Locally grown timber
It’s probably worth expanding on where all of our timber comes from. We feel a moral responsibility to use locally sourced timber (within East Anglia; Suffolk, Norfolk & North Essex), felled and sawn by local Arborists. Though there are most likely cheaper sources from mainland Europe and in the UK, it does simply not bode well with one of our principle ethical values – sustainability. Imported timber has very high embodied energy, mainly through transportation, and that’s not good!
It is a great shame that huge quantities of timber is harvested from unmanaged Eastern European forest, sawn and transported to the UK to be re-sawn for commercial use. If looking elsewhere, please check the supply chain.
We can even take your trees and turn them into usable timber using our simple but effective ‘Alaskan’ chainsaw mill.
Most of our timber is Oak, some from managed woodlands, some from large estates and domestic locations; The trees have become too large, dangerous, diseased or just dead! 🙁
An Oak tree…
The timber is diced into manageable portions on site, then transported as butts and limbs back to the timber yard. It then may lay around for some time until a suitable order has come in to maximize it’s use.
Here’s a nice bit we looked at last week:
Quite often we select the timber which might be suitable for a certain job, such as a specific curve within a brace or collar, example:
Timber that comes from large European suppliers, or even UK suppliers can be devoid of character.
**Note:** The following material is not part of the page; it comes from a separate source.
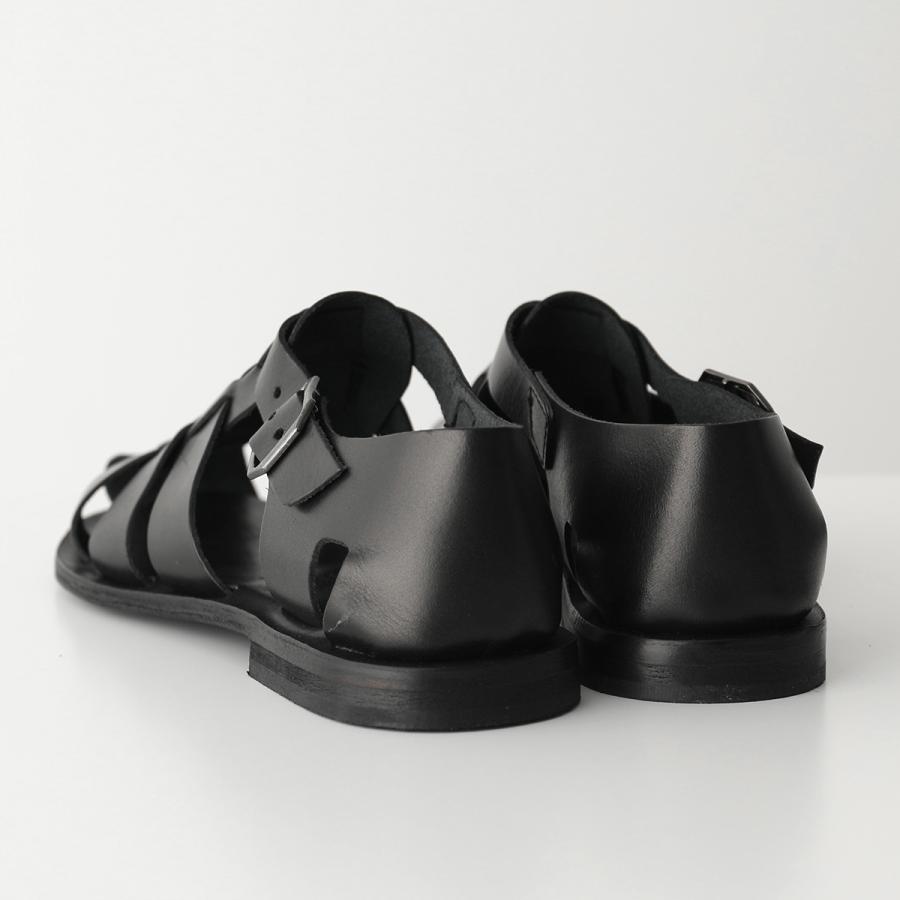 EDER SHOES（エダーシューズ） グルカサンダル 300 メンズ レザー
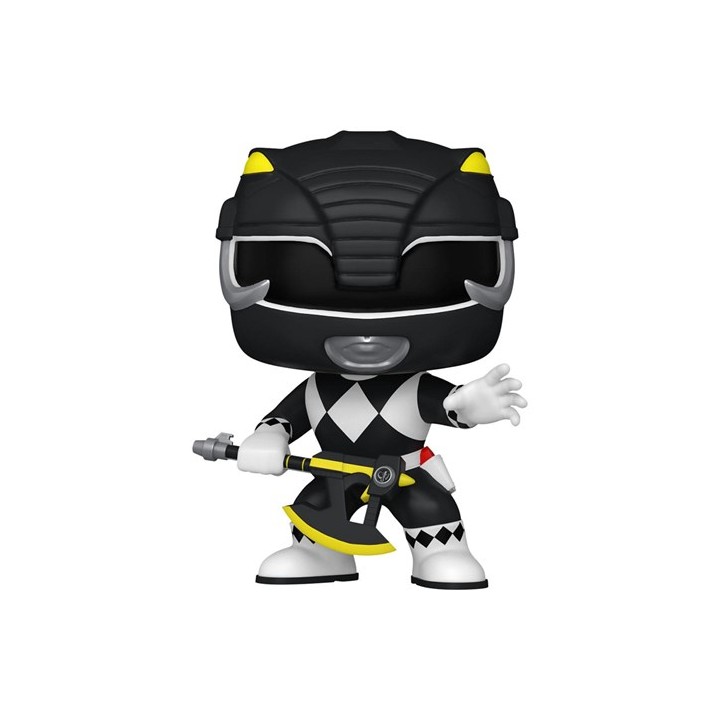 FUNKO POP Power Rangers - 1371 Black Ranger 9 cm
This is generally because the timber is straight and clean with few ‘defects’. Our timber varies in appearance and oozes character; knots, waney edges, bark etc are common features. Just look at any ancient timber frame building and you will see the knots and distortions that exist within naturally grown timber. Though if this is not what you expect, we take care in selecting the right trees for you.
There are times when it is necessary to conform to modern regulations, such as a specific spanning timber to be graded to a standard (THA & THB), therefore using graded timber may be unavoidable.
The above is a very large band saw, which is primarily how our timbers are cut to a square section. Curved timbers are cut from ‘slabbed’ material using a specialist saw at the workshop.